Theorem. Suppose that a function $f$ is analytic throughout a disk $|z-z_0|<R_0$ centered at $z_0$ and with radius $R_0$. Then $f(z)$ has the power series representation
$$f(z)=\sum_{n=0}^\infty a_n(z-z_0)^n\ (|z-z_0|<R_0),$$
where
$$a_n=\frac{f^{(n)}(z_0)}{n!}\ (n=0,1,2,\cdots).$$

Proof. First consider the case $z_0=0$ and show that
$$f(z)=\sum_{n=0}^\infty\frac{f^{(n)}(0)}{n!}z^n\ (|z|<R_0).$$
This particular Taylor series is called a Maclaurin series.

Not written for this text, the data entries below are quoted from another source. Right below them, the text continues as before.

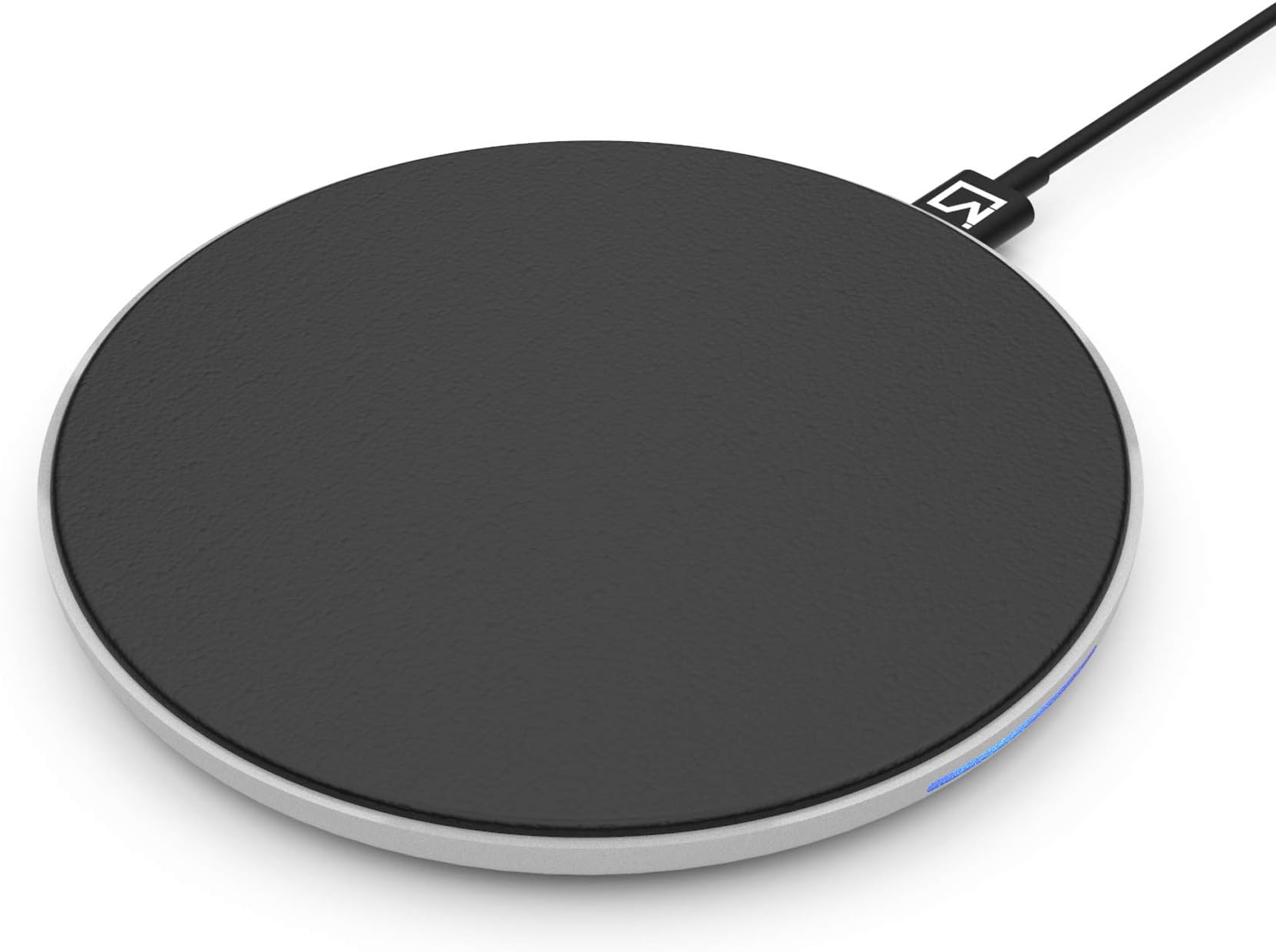 iVoltaa Airbase1 10W [Qi Certified] Metal Wireless Charging Pad Fast Charger for Galaxy S9, S9Plus, S8, S7, Note 8, 5W for iPhone Xs,X, 8, 8 Plus & All Qi-Enabled Devices (Black- Leather Top)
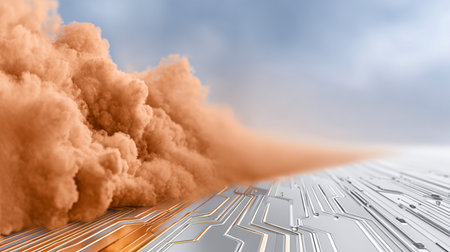 Futuristic scene showcasing an orange dust cloud swirling above a circuit board, merging elements of technology and nature in a captivating visual narrativeの素材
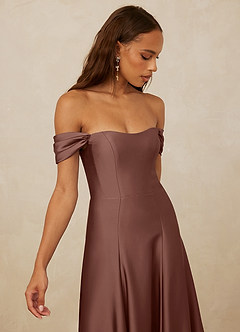 Christian Siriano Bridal for Azazie 1002 Bridesmaid Dresses Espresso A-Line Off the Shoulder Stretch Satin Convertible Dress image4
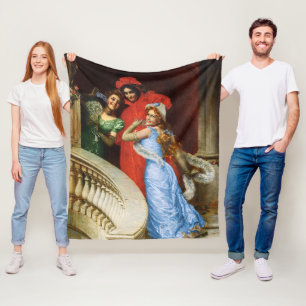 Vintage Ladies In Red Blue Green At Masquerade Fleece Blanket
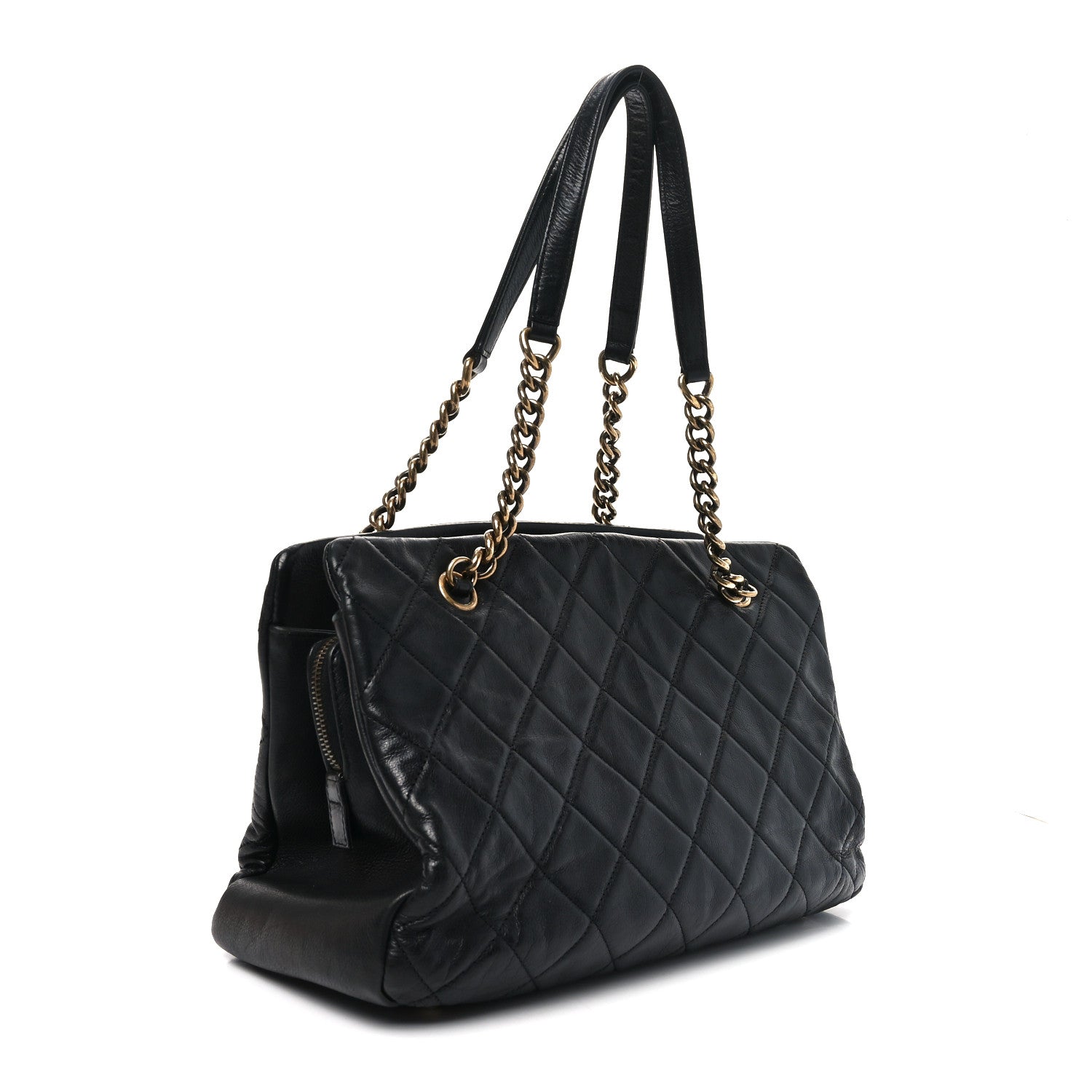 Chanel Calfskin Quilted Small CC Crown Tote Black 2 of 11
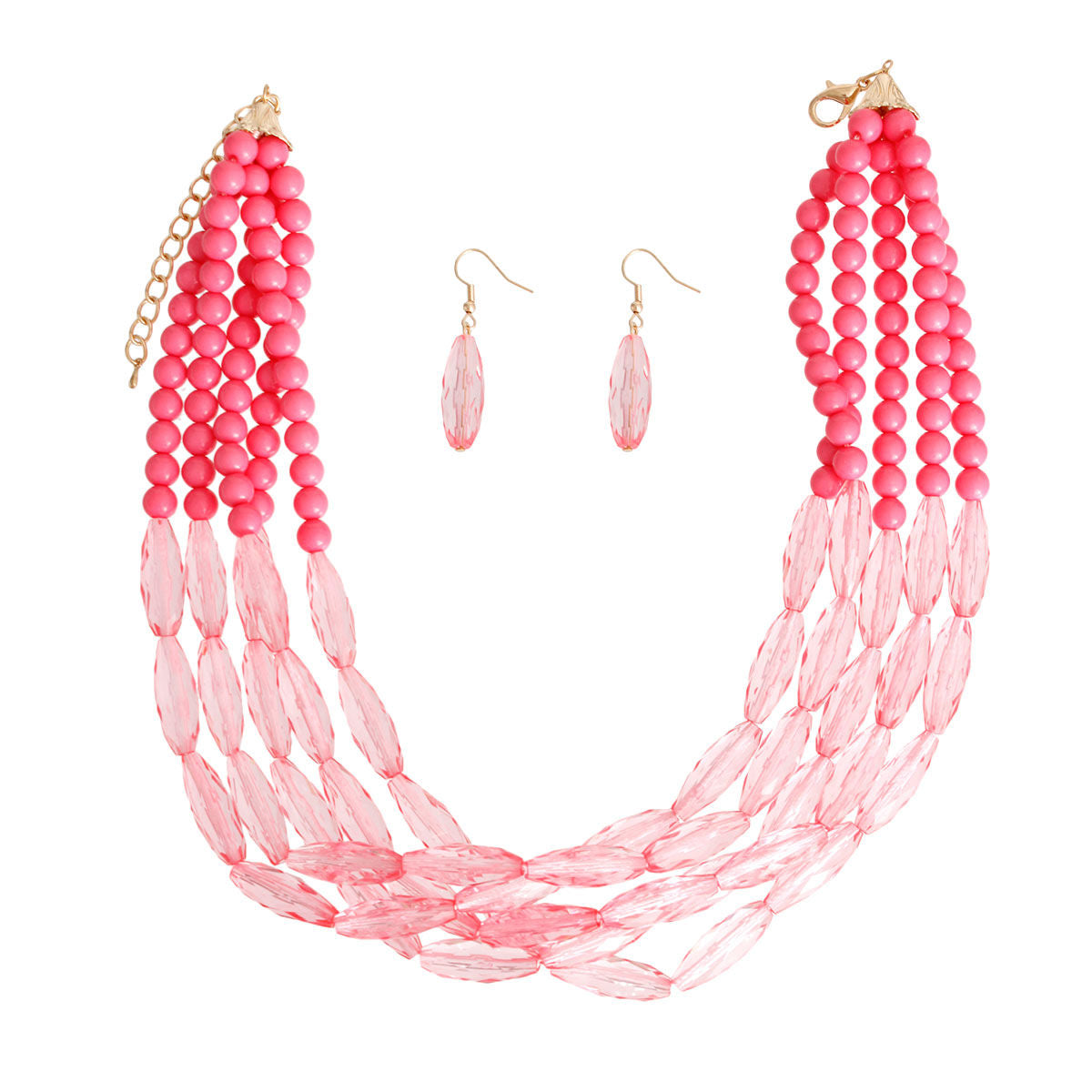 5 Strand Pink Glass Bead Statement Necklace Layered Jewelry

Let us write $|z|=r$ and let $C_0$ denote any positively oriented circle centered at the origin and with radius $r_0$, where $r<r_0<R_0$.

Since $f$ is analytic inside and on the circle $C_0$ and since $z$ is interior to $C_0$, by the Cauchy Integral Formula, we have
$$f(z)=\frac{1}{2\pi i}\oint_{C_0}\frac{f(s)}{s-z}ds.$$
Note that $\frac{1}{s-z}$ may be written as
\begin{align*}
\frac{1}{s-z}&=\frac{1}{s}\frac{1}{1-\frac{z}{s}}\\
&=\sum_{n=0}^{N-1}\frac{z^n}{s^{n+1}}+z^N\frac{1}{(s-z)s^N}.
\end{align*}
Using this, $f(z)$ may be written as
\begin{align*}
f(z)&=\frac{1}{2\pi i}\oint_{C_0}\frac{f(s)}{s-z}ds\\
&=\sum_{n=0}^{N-1}\frac{1}{2\pi i}\oint_{C_0}\frac{f(s)}{s^{n+1}}ds z^n+\frac{z^N}{2\pi i}\oint_{C_0}\frac{f(s)}{(s-z)s^N}ds\\
&=\sum_{n=0}^{N-1}\frac{f^{(n)}(0)}{n!}z^n+\rho_N(z),
\end{align*}
where
$$\rho_N(z)=\frac{z^N}{2\pi i}\oint_{C_0}\frac{f(s)}{(s-z)s^N}ds.$$
We are done if we can show that $\displaystyle\lim_{N\to\infty}\rho_N=0$. By triangle inequality, $|s-z|\geq ||s|-|z||=r_0-r$. So, we obatin
\begin{align*}
|\rho_N(z)|&\leq \frac{r^N}{2\pi}\frac{M}{(r_0-r)r_0^N}2\pi r_0\\
&=\frac{Mr_0}{r_0-r}\left(\frac{r}{r_0}\right)^N.
\end{align*}
Since $r<r_0$, $\displaystyle\lim_{N\to\infty}|\rho_N(z)|=0$ i.e. $\displaystyle\lim_{N\to\infty}\rho_N=0$. Hence, we have proved that
$$f(z)=\sum_{n=0}^\infty\frac{f^{(n)}(0)}{n!}z^n.$$
Now, suppose that $f(z)$ is analytic when $|z-z_0|<R_0$. Then $g(z):=f(z+z_0)$ is analytic when $|z|=|(z+z_0)-z_0|<R_0$. So, $g(z)$ has the Maclaurin series representation
$$g(z)=\sum_{n=0}^\infty\frac{g^{(n)}(0)}{n!}z^n\ (|z|<R_0)$$
or
$$f(z+z_0)=\sum_{n=0}^\infty\frac{f^{(n)}(z_0)}{n!}z^n\ (|z|<R_0).$$
Replacing $z$ by $z-z_0$, we finally obtain the Taylor series representation
$$f(z)=\sum_{n=0}^\infty\frac{f^{(n)}(z_0)}{n!}(z-z_)^n\ (|z-z_0|<R_0).$$

Example. The function $f(z)=e^z$ is entire, so it has a Maclaurin series representation for all $z\in\mathbb{C}$.
$$e^z=\sum_{n=0}^\infty\frac{z^n}{n!}\ (|z|<\infty).$$

Example. $\sin z$ is defined as
$$\sin z=\frac{e^{iz}-e^{-iz}}{2i}.$$
So,
\begin{align*}
\sin z&=\frac{1}{2i}\left[\sum_{n=0}^\infty\frac{(iz)^n}{n!}-\sum_{n=0}^\infty\frac{(-iz)^n}{n!}\right]\\
&=\frac{1}{2i}\sum_{n=0}^\infty[1-(-1)^n]\frac{i^nz^n}{n!}\\
&=\sum_{n=0}^\infty(-1)^n\frac{z^{2n+1}}{(2n+1)!}\ (|z|<\infty).
\end{align*}
Using the definition $\cos z=\frac{e^{iz}+e^{-iz}}{2}$, one can similarly obtain the Maclaurin series representation for $\cos z$
$$\cos z=\sum_{n=0}^\infty(-1)^n\frac{z^{2n}}{(2n)!}.$$